Start of Input data

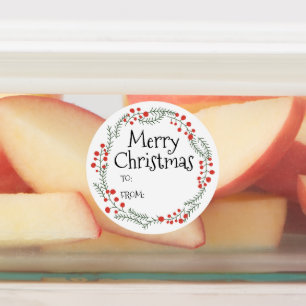 Merry Christmas to from rustic wreath frame cute Labels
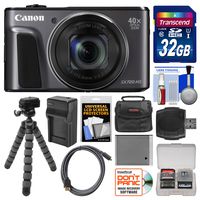 Canon PowerShot SX720 HS Wi-Fi Digital Camera with 32GB Card + Case + Battery & Charger + Flex Tripod + Kit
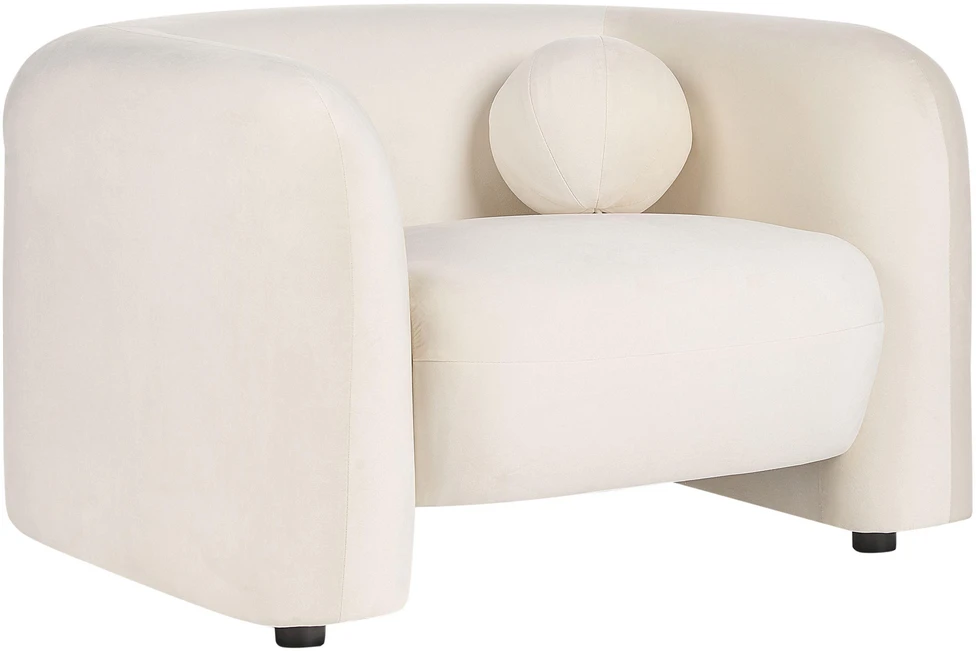 Sofa Beliani 4 asmenų poilsio baldų komplektas LEIREN, veliūras, kreminė balta spalva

End of Input data

- [Required work] Repeat the material above in full and unchanged, minus its images.

- [Written answer]
 Merry Christmas to from rustic wreath frame cute Labels
 Canon PowerShot SX720 HS Wi-Fi Digital Camera with 32GB Card + Case + Battery & Charger + Flex Tripod + Kit
 Sofa Beliani 4 asmenų poilsio baldų komplektas LEIREN, veliūras, kreminė balta spalva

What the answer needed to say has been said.